Nimmt man nun diese sehr viel realistischeren Zahlen zur Grundlage, dann sind die zeitgleichen Truppendimensionen der Punischen Kriege im Mittelmeer gut mit den chin. Verhältnissen zu vergleichen. 80.000 Männer in einen Kriegszug zu schicken entspräche ziemlich exakt dem Vorgehen chin. Staaten während der Endphase der Streitenden Reiche.
Naja, in ich finde die Zahlen auch enorm hoch. Jedoch muss man, meiner Ansicht nach berücksichtigen, dass die Bevölkerungsangaben die aus heutiger Sicht über die damalige Größe gemacht werden weitaus glaubwürdiger sind, als die Truppenzahlen der griechischen Schriftsteller über die Perserkriege.
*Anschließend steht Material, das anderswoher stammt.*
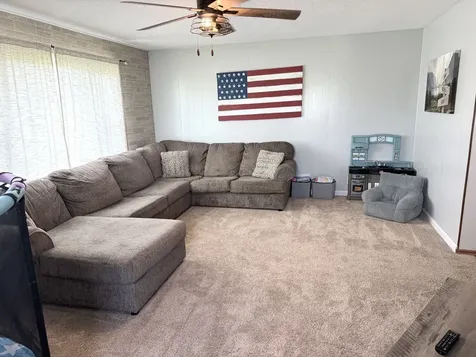 843 North 2401 Road Oglesby IL 61348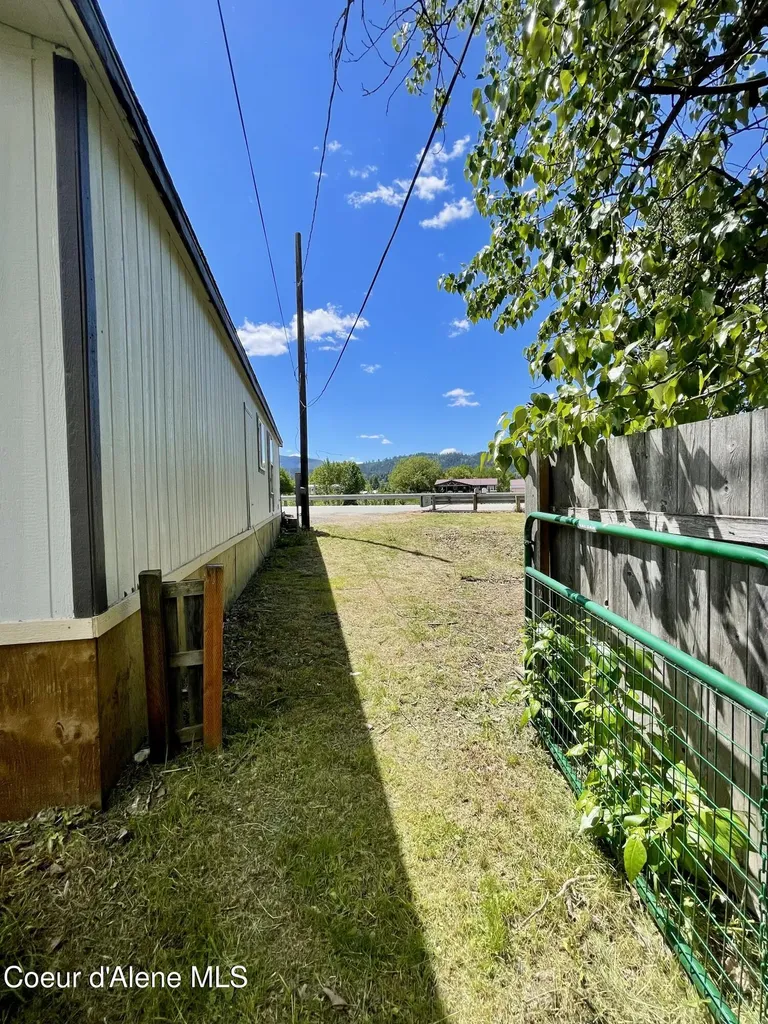 613 Riverdale Drive St. Maries ID 83861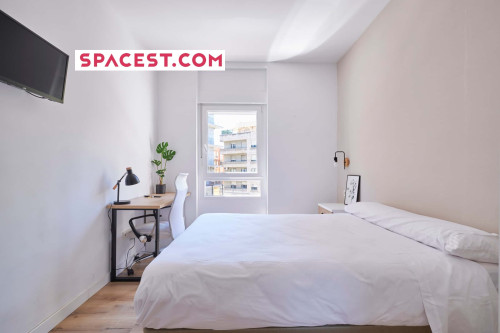 Room in Avenida de Portugal, Salamanca for 120 m² with 6 bedrooms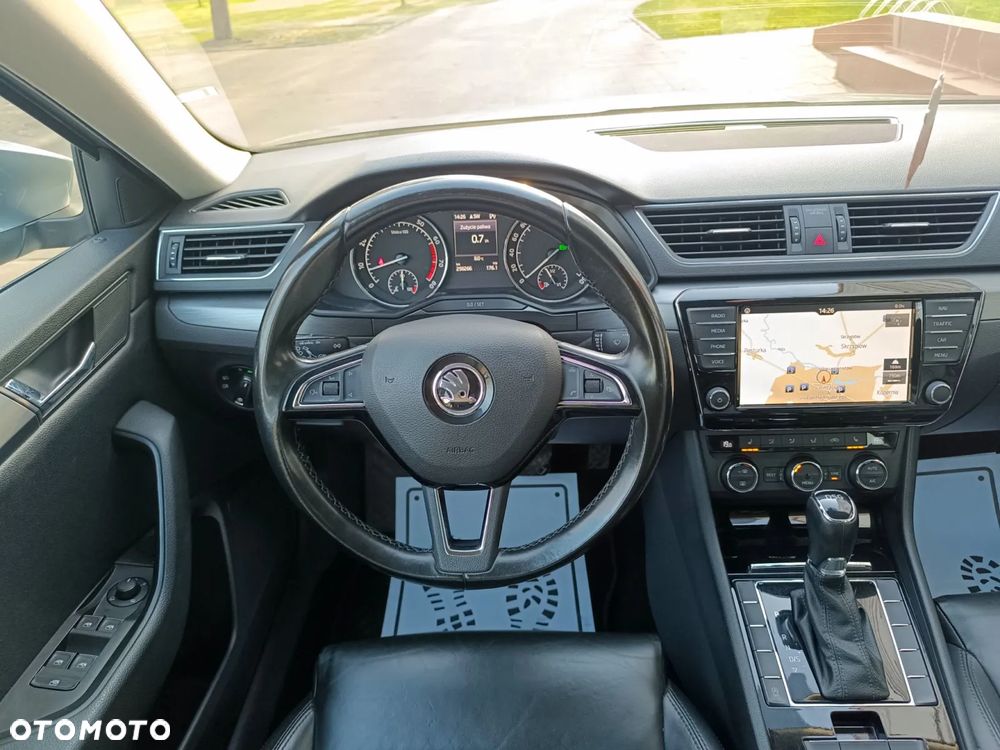 Skoda Superb 1.4 TSI ACT DSG Ambition - 28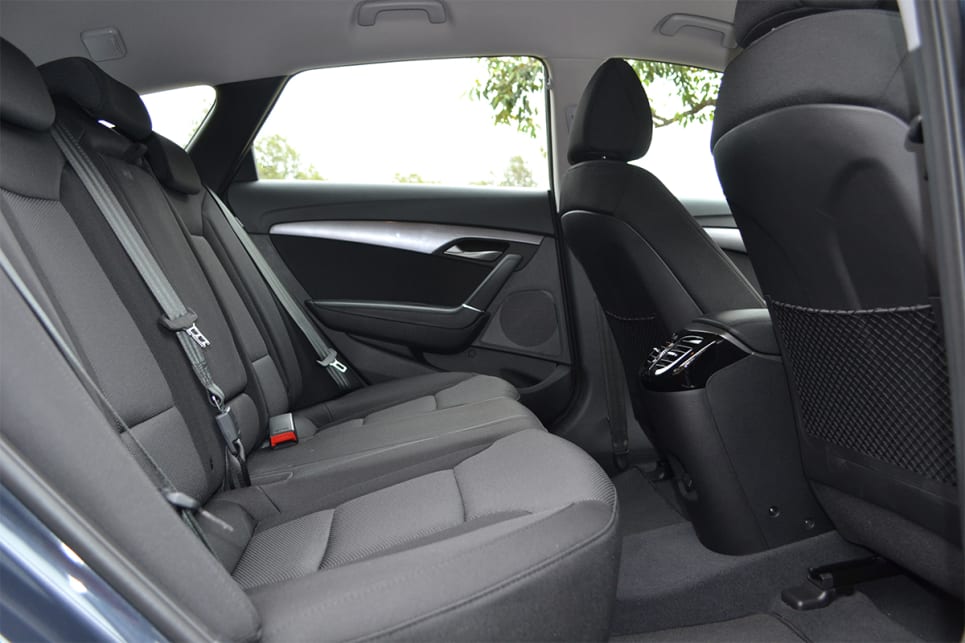 Hyundai i40 Review, For Sale, Models, Interior, Specs & News CarsGuide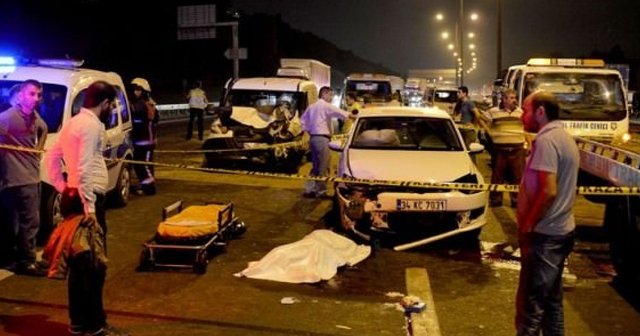 Gaziosmanpaşa'da zincirleme trafik kazası, 2 ölü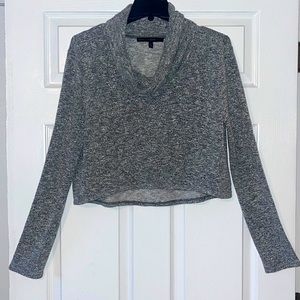 White House Black Market crop sweater/ blouse size medium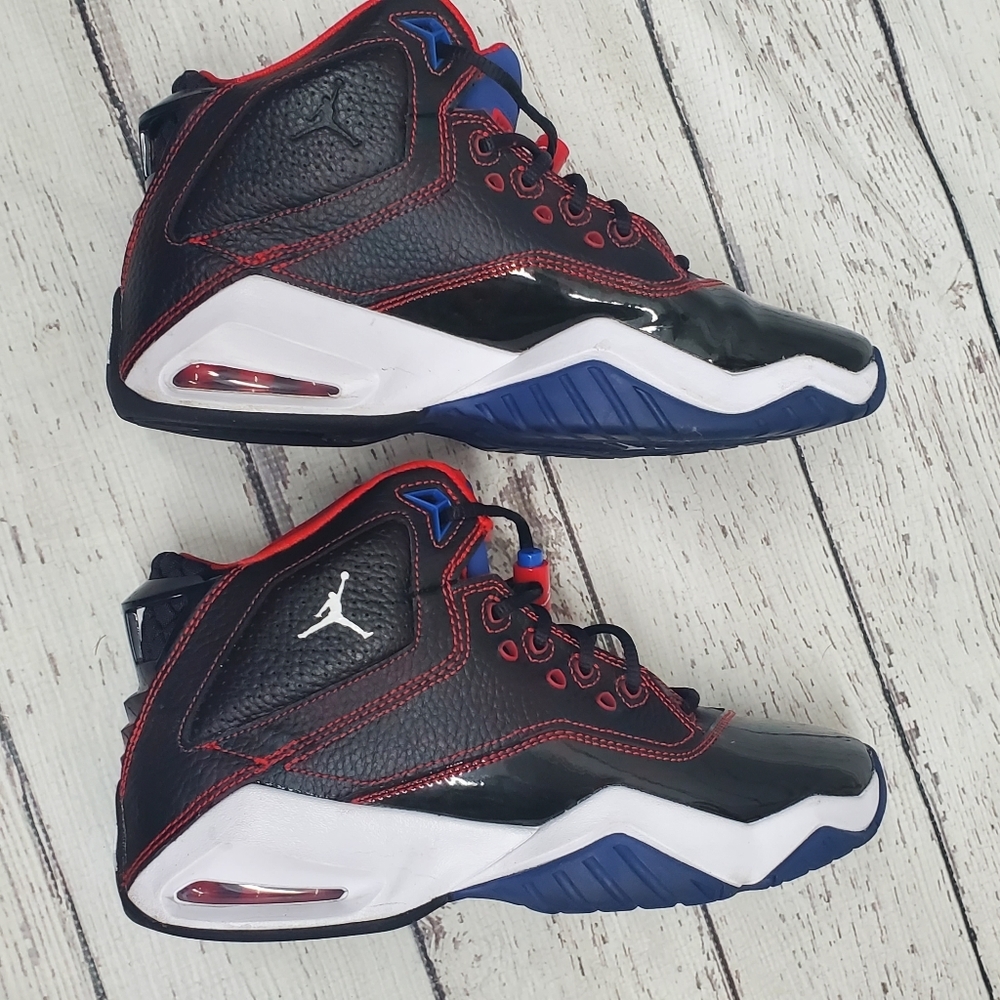 Jordan B'Loyal GS 'Bred'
An der Stelle muss ich deutlich entgegenhalten, dass das genaue Gegenteil der Fall ist. Die alten Chinesen standen in dieser Hinsicht den alten Griechen in nichts nach. Da wurde maßlos übertrieben und völlig irrwitzige Zahlenangaben gemacht. Diese Art der positiven Propaganda gehörte während der ganzen chin. Geschichte zum guten Ton. Beispielsweise sind Angaben, dass eine 50.000 Mann-Armee einen 400.000 Mann-Gegner besiegt hätte durchaus normal im alten China, nur stimmt das zahlenmäßig mit Sicherheit nicht, auch wenn uns alte Chroniken vom Gegenteil überzeugen möchten. Selbst in einem populärwissenschaftlichen Magazin wie Geo Epoche (Thema: Erster Kaiser) findet man als Fußnote folgenden Satz:
Diese Ziffern stammen, wie die meisten Zahlenangaben, aus der traditionellen chinesischen Geschichtschreibung, in der die Angaben aus propagandistischen Gründen oft stark übertrieben sind. In Wirklichkeit waren chin. und westliche Heeresstärken und deren Chronisten während der Antike also durchaus sehr ähnlich.
Anderes Beispiel:
List of Chinese battles - Wikipedia, the free encyclopedia
Nahezu alle Zahlenangaben zum alten China, die in diesen Artikeln genannt werden, kannst du konsequent in die Tonne schmeißen. Allesamt viel zu hoch, da war die Fantasie und nicht die Realität Mutter des Gedanken.